Por Alfredo Sainz - Sin atreverse a nombrar la palabra prohibida ("devaluación"), la industria de la alimentación adelantó su plan de propuestas para superar la crisis que enfrenta como sector más competitivo de la economía argentina. Formalmente, el programa será presentado el 25 de agosto en un seminario sobre el futuro de la industria, aunque la Coordinadora de las Industrias de Productos Alimenticios (Copal) -entidad que reúne a 37 cámaras de alimentos y bebidas- ya dio a conocer los principales lineamientos, que incluyen pedidos para eliminar las declaraciones juradas anticipadas de importación (DJAI) y las retenciones a las exportaciones que afectan a las economías regionales, la derogación de ley de abastecimiento, el fin de los "precios administrados" y la autorización para volver a aplicar el ajuste por inflación en sus balances.
La presentación de la propuesta estuvo a cargo de la plana mayor de la Copal, encabezada por su presidente, Daniel Funes de Rioja, que destacó el mal momento que vive la industria.
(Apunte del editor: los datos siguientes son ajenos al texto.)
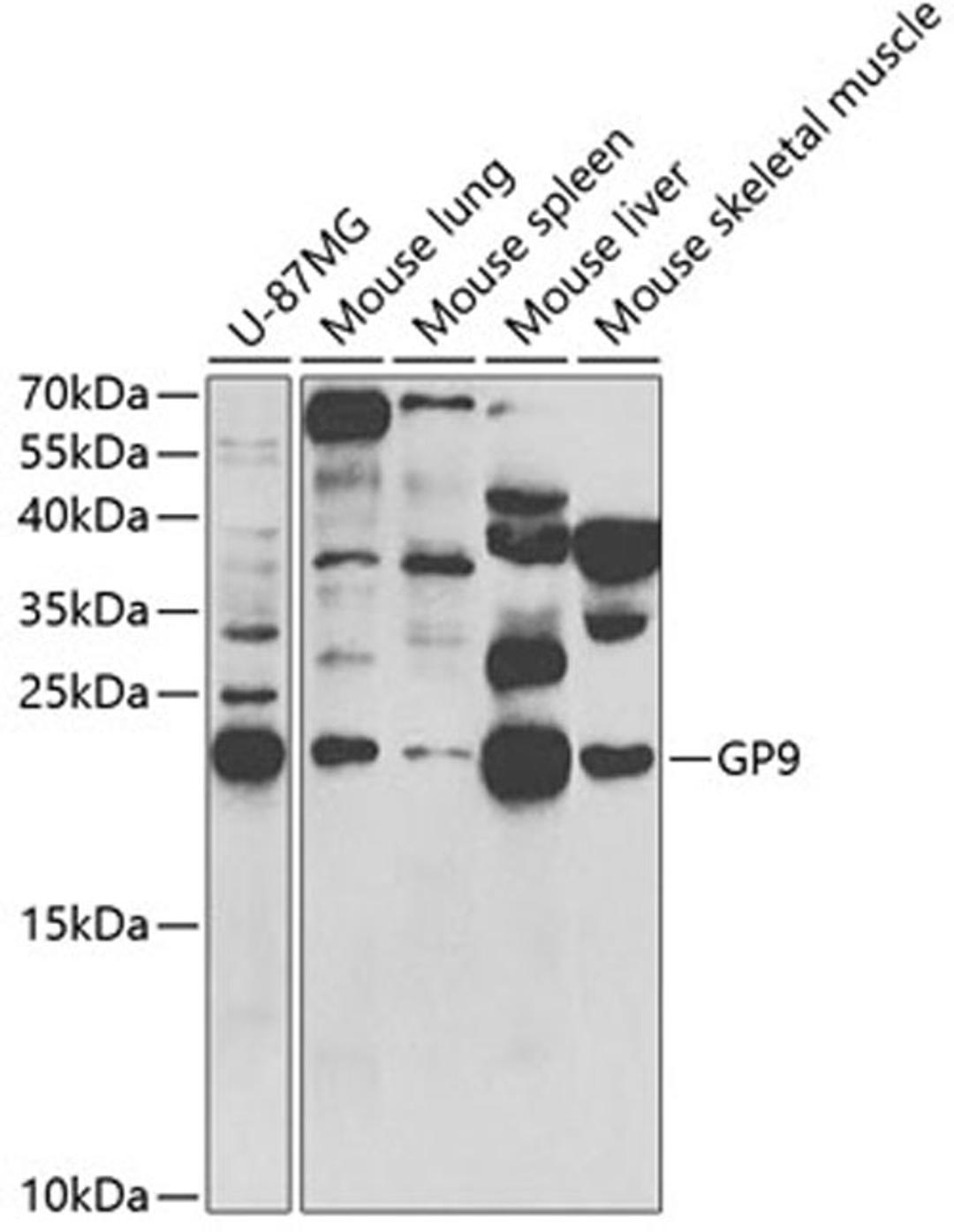 Western blot - GP9 antibody (A5374)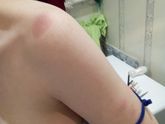 Алергия на АнвиМакс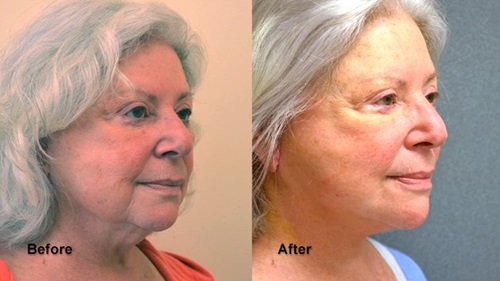 deeb facelift 2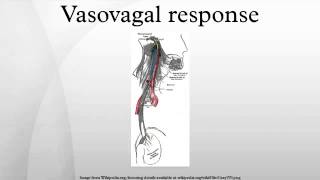 Vasovagal response [upl. by Marilee]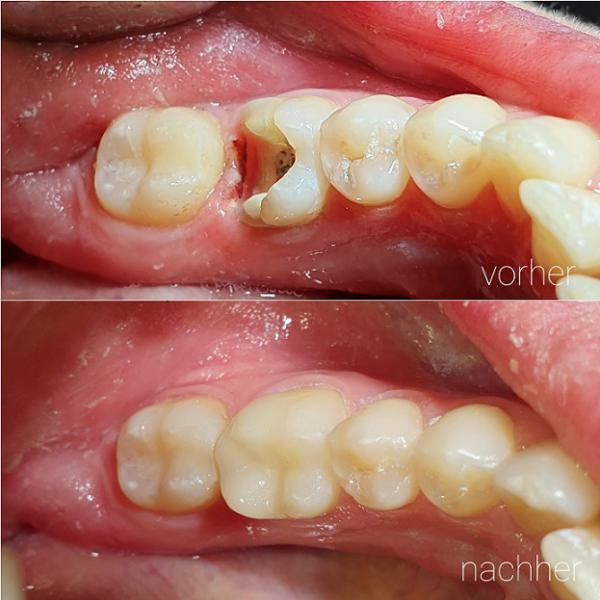 Chairside Versorgung (CEREC)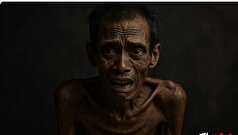 کورو یک بیماری عجیب و اسرار آمیز که مغز شما را هدف می‌گیرد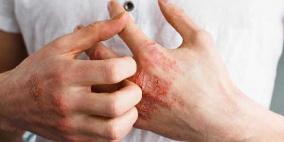 الأمراض الجلدية الأكثر شيوعاً في الصيف
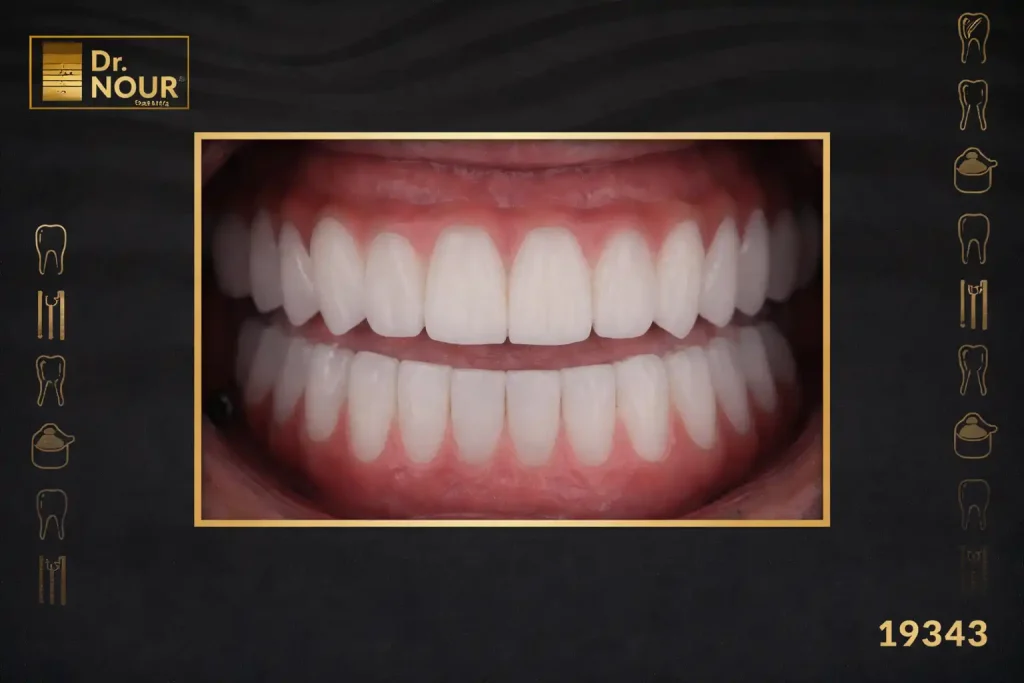 مراحل زراعة الأسنان بالصورر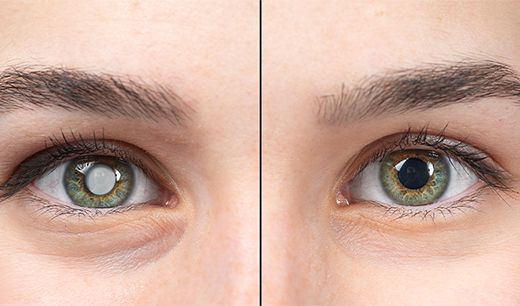 Auge mit Kararakt (links) und gesundes Auge (rechts)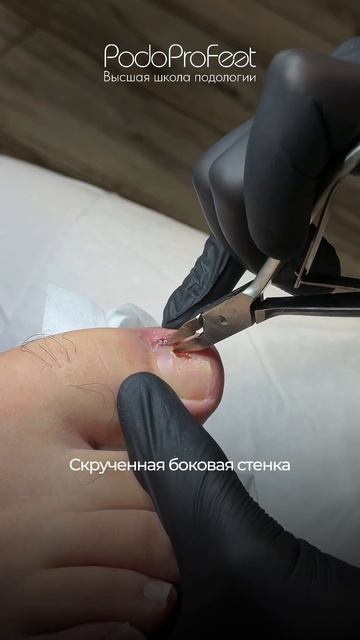 Прием клиента с воспалением и грануляцией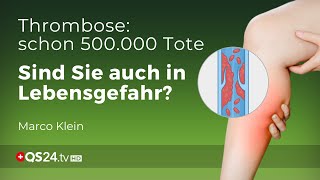 Thrombose – Prophylaxe und Behandlung  Kleinsche Felder  Marco Klein  QS24 Gesundheitsfernsehen [upl. by Schindler301]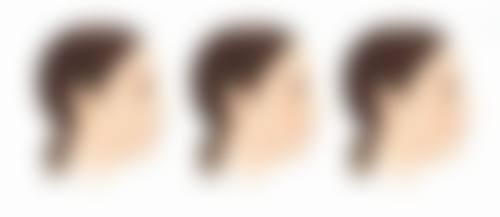 张永香医生真实实例：见证美丽的奇迹时刻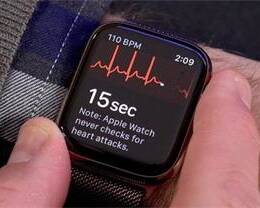  Apple Watch οͨ ECG ܣ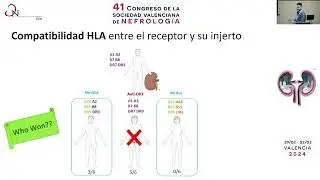 Taller HLA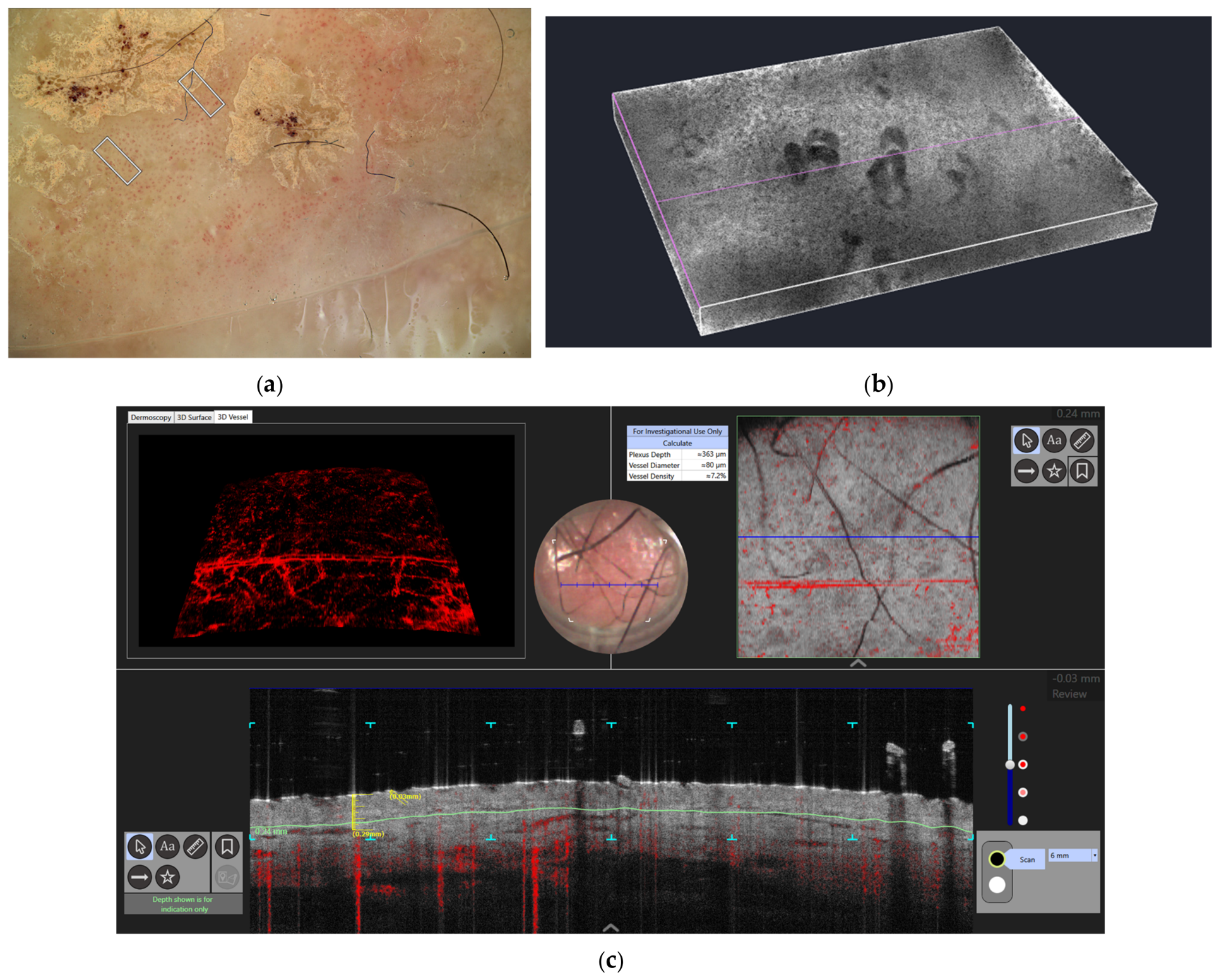 Diagnostics 16 03498 g004 Diagnostics 16 03498 g004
Funes de Rioja precisó que en el primer trimestre de este año las exportaciones del sector cayeron en términos generales 4,7% en dólares, mientras que, si de la cuenta se excluyen los aceites y pellets de soja, la baja llega a 10,2%. "No se trata únicamente de una baja en los volúmenes, sino también de una pérdida de mercados que después son muy difíciles de recuperar", señaló.
En la Copal afirmaron además que el panorama para las llamadas economías regionales era aún más grave: en los primeros tres meses, la demanda internacional de manzanas argentinas cayó 50,7%; la de aceite de oliva, 40,5%; la de aceitunas, 38,4%; la de lácteos, 36,5%, y la de la carne aviar, 32,9%. "En algunos casos, como la producción de frutas en el Alto Valle, estamos viviendo un cóctel tremendo con precios internacionales en baja y costos locales en alza", dijo Guillermo Barzi, vicepresidente de la Copal y director del grupo Canale, con inversiones en los negocios del vino y de las frutas.
Presión impositiva
La propuesta ya fue presentada al gobernador Daniel Scioli; al secretario de Comercio, Augusto Costa, y a la Fundación Pensar, de Pro. El primer pedido de los industriales de la alimentación pasa por una reducción de la presión fiscal. Según sus cálculos, la alícuota efectiva del impuesto a las ganancias en la Argentina llega a 40,5% -tomando en cuenta el tributo que pesa sobre los dividendos-, en lo que constituye el nivel más alto de América latina. "Lo que proponemos es bajar la presión impositiva en el zoológico y que la AFIP salga afuera a cazar nuevos contribuyentes", explicó Funes de Rioja.
Otro de los reclamos de las empresas alimentarias es la eliminación del sistema de DJAI, al que acusan de no ofrecer un "tratamiento uniforme ni claro" y de rechazar los criterios arbitrarios en su aplicación.
La propuesta de la Copal también incluye un proyecto para derogar la ley de abastecimiento que se aprobó hace poco más de un año. "Se trata de instrumentos que en otros lugares del mundo han sido desechados y que además resultarían incompatibles con acuerdos bilaterales de inversión suscriptos por nuestro país", explicaron en la entidad empresarial. Los industriales también están reclamando eliminar "los programas de administración de precios", en lo que puede ser leído como una crítica contra el plan de Precios Cuidados que impulsa el Gobierno.
En el texto de 74 páginas que ayer fue presentado en la Copal no hay una mención directa a la palabra "devaluación" y tampoco a los sinónimos más velados que utilizan los empresarios, como "retraso del tipo de cambio" o "pérdida de competitividad de la producción nacional". "Hoy hay muchos temas en los que tenemos que trabajar y estoy convencido de que no hay una única medida que arregle todo", explicó el líder de la Copal. "Además sería un golpe de timón que no resolvería muchos de los problemas que enfrentamos", agregó.
Frente a la batería de problemas que enfrentan en materia impositiva, comercio exterior y mercado interno, en la Copal reconocieron que el Gobierno se hizo eco de su rechazo ante lo que consideró como aumentos "excesivos" en los aranceles que aplican organismos oficiales como la Anmat y el INAL.
"Ya llegamos a un acuerdo y se modificaron los valores y las escalas que van a cobrar la Anmat y el INAL, trabajando con niveles mucho más razonables. Y ahora estamos esperando la publicación de las normas en el Boletín Oficial", señaló Mercedes Nimo, directora ejecutiva de la Copal.